** Data for this task follows **
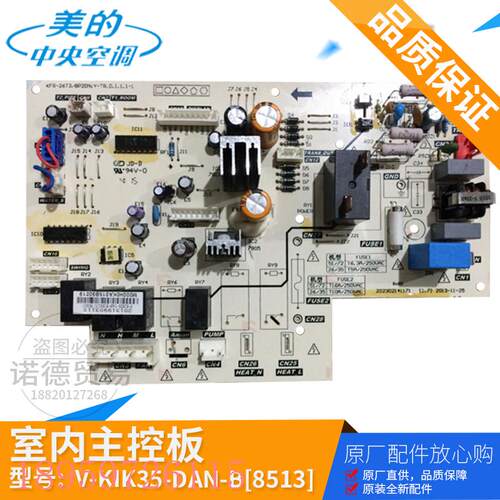 议价中央空调风管机室内主板V-KIK35-DAN-B[8513]电脑板原装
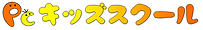 Ｐｃキッズスクール 本校 のロゴ画像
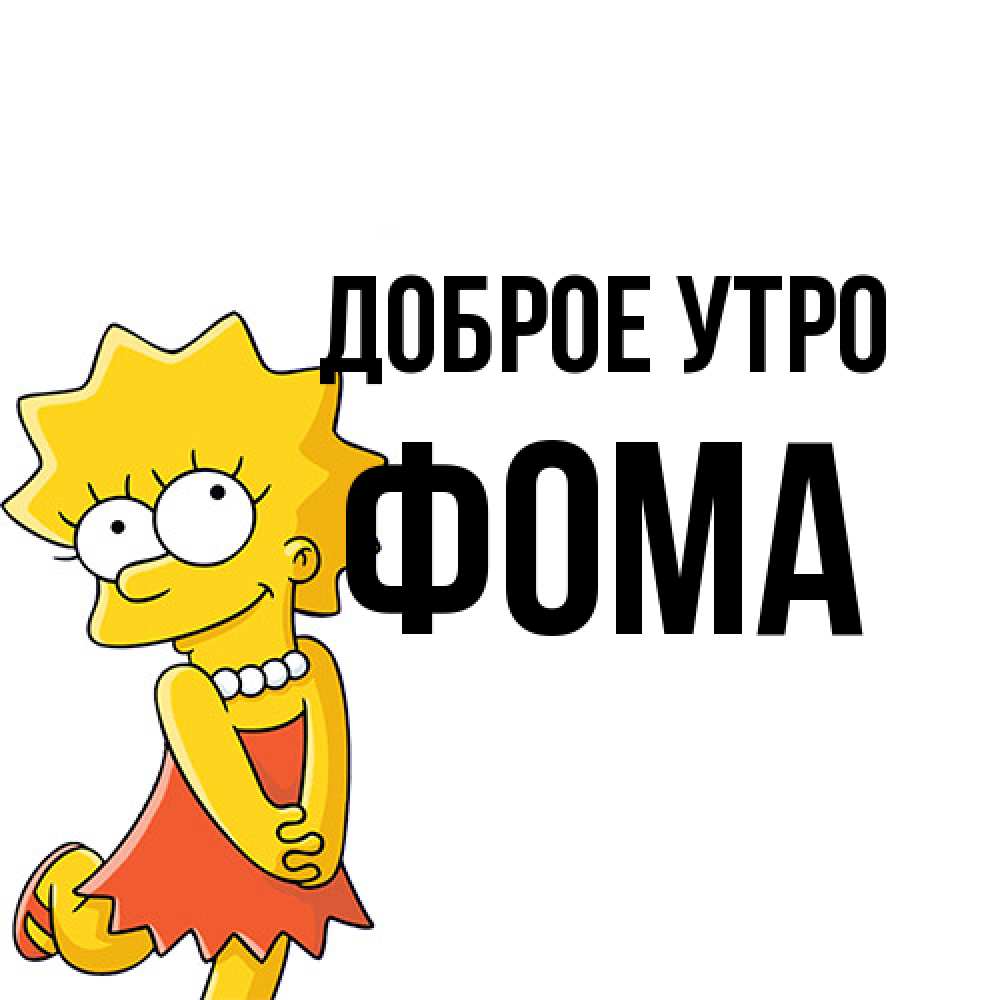 Открытка на каждый день с именем, Фома Доброе утро в платье и ожерелье Прикольная открытка с пожеланием онлайн скачать бесплатно 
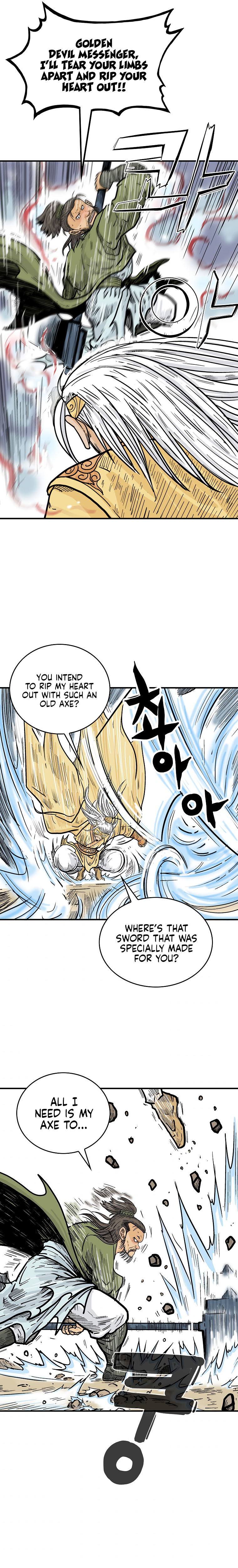 Fist demon of Mount Hua - Chapter 91 Page 19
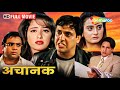 GOVINDA MOVIES - गोविंदा और मनीषा कोइराला की ज़बरदस्त रोमांटिक मूवी - Achanak - Manisha Koirala - HD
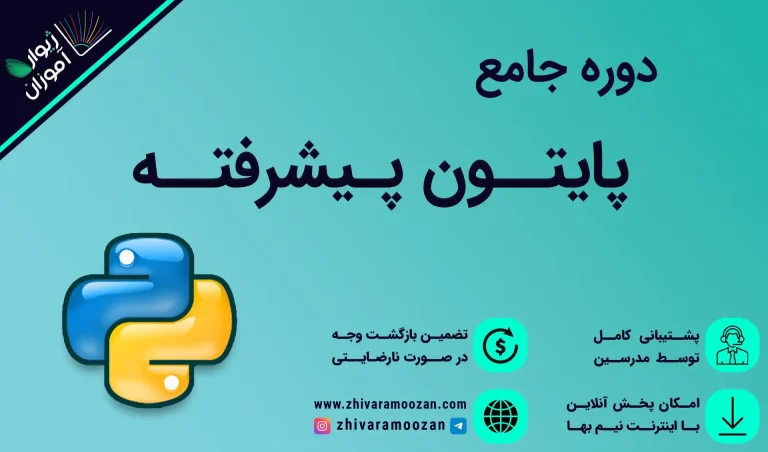 آموزش پایتون پیشرفته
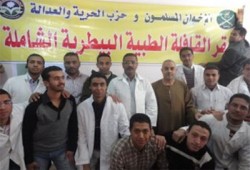 الحرية والعدالة يواجه الحمى القلاعية بسوهاج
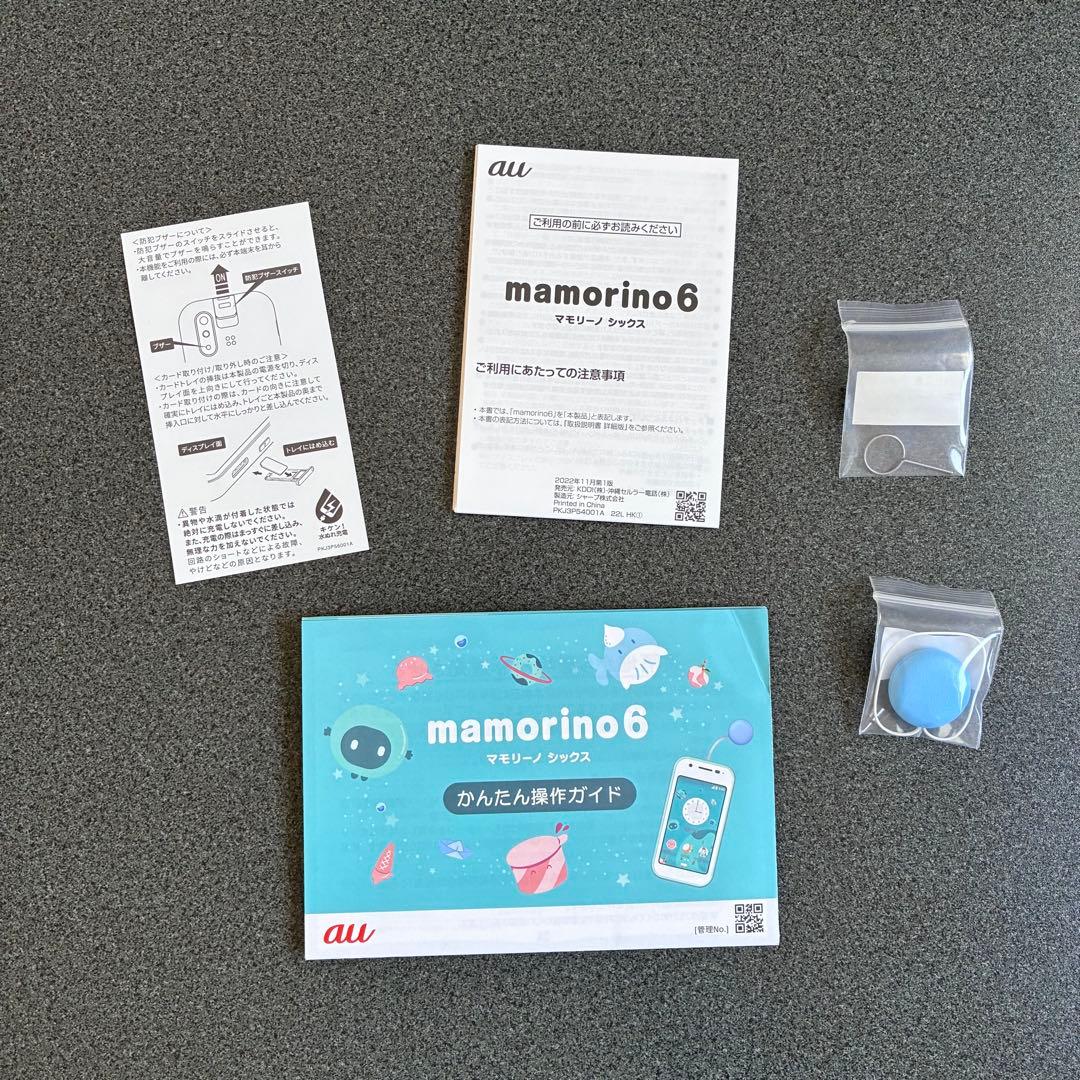 au mamorino6 マモリーノ6 キッズケータイ ソーダ 本体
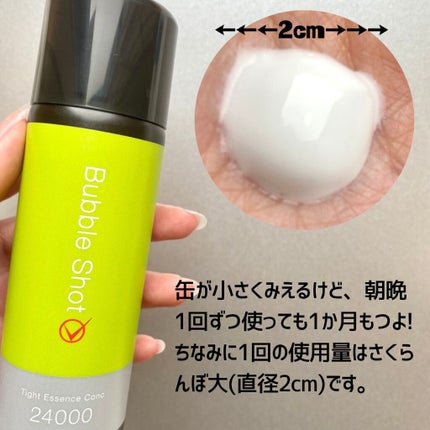 エクスボーテ バブルショット タイトエッセンスコンクのクチコミ「✼••┈┈••✼••┈┈••✼••┈┈••✼••┈┈••✼••┈┈••✼••┈┈••✼
マー.....」(3枚目)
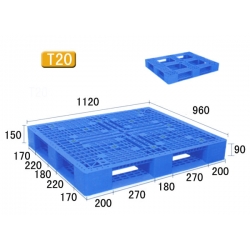 T20-田字网格型塑料托盘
** End of Data for this task **
Leaving pictures out, output the lines of the data above from the one with "Открытка на каждый" through the one with "GOVINDA MOVIES - गोविंदा", word for word.

- Result for this task
 Открытка на каждый день с именем, Фома Доброе утро в платье и ожерелье Прикольная открытка с пожеланием онлайн скачать бесплатно 
 Fist demon of Mount Hua - Chapter 91 Page 19
 GOVINDA MOVIES - गोविंदा और मनीषा कोइराला की ज़बरदस्त रोमांटिक मूवी - Achanak - Manisha Koirala - HD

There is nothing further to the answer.